What you need to do:
Going from the top of the data below, give again each line through the one containing "Machine Washable Abstract", both ends kept.

Provided records:
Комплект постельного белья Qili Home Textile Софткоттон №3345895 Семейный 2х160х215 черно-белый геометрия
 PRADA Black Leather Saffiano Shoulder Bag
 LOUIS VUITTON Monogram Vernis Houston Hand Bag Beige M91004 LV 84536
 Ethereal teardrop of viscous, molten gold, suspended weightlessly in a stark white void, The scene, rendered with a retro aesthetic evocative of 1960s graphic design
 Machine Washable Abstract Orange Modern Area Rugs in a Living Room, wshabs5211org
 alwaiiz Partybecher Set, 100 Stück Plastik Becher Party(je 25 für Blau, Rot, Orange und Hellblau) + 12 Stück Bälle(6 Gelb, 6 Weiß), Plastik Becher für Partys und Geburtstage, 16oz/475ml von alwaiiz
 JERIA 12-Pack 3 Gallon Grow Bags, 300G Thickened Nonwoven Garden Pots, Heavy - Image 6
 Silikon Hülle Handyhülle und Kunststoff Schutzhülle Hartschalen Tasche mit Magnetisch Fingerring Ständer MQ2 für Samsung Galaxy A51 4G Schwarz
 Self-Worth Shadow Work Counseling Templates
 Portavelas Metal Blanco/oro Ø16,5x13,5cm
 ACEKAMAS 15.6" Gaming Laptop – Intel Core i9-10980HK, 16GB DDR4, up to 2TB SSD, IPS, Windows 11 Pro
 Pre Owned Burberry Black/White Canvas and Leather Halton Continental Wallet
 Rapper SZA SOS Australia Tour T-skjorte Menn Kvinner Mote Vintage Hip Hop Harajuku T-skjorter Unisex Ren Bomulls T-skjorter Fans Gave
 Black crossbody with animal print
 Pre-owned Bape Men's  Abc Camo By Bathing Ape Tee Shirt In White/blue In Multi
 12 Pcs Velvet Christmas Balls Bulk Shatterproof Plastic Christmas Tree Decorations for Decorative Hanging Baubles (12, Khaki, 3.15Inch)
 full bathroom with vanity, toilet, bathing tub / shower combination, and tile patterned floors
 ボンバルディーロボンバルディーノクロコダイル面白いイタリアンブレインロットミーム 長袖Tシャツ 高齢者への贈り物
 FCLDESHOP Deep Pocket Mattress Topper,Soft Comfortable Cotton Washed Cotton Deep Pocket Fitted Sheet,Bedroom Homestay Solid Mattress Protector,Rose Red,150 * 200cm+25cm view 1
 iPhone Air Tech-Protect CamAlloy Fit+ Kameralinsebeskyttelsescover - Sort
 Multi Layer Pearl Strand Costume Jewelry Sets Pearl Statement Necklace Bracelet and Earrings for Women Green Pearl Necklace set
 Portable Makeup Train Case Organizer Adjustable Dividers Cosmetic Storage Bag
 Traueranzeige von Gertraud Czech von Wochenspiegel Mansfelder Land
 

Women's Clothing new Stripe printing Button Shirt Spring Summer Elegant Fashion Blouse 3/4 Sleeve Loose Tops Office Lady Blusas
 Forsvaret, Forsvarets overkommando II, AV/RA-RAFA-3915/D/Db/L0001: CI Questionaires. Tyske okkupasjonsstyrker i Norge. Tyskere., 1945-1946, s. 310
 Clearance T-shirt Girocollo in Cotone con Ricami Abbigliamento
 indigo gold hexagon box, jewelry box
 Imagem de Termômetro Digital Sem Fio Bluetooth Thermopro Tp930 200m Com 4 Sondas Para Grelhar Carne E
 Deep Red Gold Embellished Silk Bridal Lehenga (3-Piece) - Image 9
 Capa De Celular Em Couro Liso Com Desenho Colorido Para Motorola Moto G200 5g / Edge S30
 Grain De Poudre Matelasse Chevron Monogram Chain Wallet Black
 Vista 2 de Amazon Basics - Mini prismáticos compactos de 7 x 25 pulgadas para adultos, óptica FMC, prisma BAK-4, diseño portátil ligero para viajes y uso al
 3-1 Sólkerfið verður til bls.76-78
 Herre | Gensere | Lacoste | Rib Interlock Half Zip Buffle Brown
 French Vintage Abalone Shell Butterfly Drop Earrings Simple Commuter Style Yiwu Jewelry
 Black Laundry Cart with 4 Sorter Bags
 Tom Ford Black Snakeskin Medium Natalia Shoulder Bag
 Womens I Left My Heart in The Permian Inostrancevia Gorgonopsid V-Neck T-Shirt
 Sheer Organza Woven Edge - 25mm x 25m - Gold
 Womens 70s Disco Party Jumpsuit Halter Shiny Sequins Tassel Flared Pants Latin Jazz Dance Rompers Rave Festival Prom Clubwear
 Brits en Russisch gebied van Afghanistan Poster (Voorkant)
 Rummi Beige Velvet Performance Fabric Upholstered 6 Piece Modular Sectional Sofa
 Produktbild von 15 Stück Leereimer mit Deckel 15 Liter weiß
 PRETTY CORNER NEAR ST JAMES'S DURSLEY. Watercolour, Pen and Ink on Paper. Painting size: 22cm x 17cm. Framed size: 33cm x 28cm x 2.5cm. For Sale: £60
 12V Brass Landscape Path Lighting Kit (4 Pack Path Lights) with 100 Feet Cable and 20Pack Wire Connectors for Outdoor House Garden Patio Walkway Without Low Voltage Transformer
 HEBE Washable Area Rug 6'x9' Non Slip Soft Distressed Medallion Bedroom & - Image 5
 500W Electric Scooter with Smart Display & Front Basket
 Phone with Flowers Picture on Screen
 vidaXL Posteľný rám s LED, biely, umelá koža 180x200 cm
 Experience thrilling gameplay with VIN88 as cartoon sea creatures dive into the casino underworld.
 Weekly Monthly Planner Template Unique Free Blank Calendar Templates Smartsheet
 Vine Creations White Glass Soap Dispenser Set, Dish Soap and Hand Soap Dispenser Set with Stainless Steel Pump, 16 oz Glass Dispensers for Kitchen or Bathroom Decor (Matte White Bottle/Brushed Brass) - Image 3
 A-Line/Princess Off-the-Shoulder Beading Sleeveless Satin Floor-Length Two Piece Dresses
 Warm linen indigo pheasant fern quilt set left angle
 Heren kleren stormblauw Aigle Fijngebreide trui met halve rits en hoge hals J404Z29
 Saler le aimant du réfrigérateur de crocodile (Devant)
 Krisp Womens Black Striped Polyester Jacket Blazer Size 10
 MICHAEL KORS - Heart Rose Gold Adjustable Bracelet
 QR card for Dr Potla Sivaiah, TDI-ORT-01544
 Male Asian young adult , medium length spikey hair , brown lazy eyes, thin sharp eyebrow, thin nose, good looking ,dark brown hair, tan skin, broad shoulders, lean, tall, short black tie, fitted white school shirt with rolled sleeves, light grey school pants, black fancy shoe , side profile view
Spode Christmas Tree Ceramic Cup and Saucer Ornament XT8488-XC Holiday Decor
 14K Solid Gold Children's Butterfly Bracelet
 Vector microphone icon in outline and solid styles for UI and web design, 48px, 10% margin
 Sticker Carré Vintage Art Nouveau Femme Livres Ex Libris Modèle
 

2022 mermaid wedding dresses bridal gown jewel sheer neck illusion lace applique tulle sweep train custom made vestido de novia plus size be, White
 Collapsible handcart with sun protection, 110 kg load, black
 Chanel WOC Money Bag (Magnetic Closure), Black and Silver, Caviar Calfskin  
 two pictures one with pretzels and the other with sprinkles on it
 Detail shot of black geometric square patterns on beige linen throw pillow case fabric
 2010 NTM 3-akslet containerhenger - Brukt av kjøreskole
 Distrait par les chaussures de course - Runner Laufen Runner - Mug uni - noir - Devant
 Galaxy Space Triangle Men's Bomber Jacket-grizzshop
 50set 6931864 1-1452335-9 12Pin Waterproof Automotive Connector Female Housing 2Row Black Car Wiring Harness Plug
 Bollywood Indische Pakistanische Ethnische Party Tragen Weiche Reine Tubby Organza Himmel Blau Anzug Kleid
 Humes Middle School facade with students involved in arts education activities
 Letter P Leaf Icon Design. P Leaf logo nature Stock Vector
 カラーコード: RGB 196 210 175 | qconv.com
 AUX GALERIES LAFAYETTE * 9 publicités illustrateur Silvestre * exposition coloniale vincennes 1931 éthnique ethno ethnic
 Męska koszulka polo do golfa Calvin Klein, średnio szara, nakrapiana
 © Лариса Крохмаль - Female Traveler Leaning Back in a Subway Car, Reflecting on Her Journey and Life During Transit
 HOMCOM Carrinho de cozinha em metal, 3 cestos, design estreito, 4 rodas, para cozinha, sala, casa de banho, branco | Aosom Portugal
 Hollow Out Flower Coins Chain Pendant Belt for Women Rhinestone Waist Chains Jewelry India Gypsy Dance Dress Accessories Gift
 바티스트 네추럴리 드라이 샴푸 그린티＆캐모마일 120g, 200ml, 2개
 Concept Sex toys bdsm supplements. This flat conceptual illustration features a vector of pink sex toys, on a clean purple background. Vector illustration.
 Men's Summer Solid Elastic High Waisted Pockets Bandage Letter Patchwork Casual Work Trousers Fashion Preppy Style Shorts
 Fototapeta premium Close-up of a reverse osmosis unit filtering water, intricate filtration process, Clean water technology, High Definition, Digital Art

Solution to this exercise:
Комплект постельного белья Qili Home Textile Софткоттон №3345895 Семейный 2х160х215 черно-белый геометрия
 PRADA Black Leather Saffiano Shoulder Bag
 LOUIS VUITTON Monogram Vernis Houston Hand Bag Beige M91004 LV 84536
 Ethereal teardrop of viscous, molten gold, suspended weightlessly in a stark white void, The scene, rendered with a retro aesthetic evocative of 1960s graphic design
 Machine Washable Abstract Orange Modern Area Rugs in a Living Room, wshabs5211org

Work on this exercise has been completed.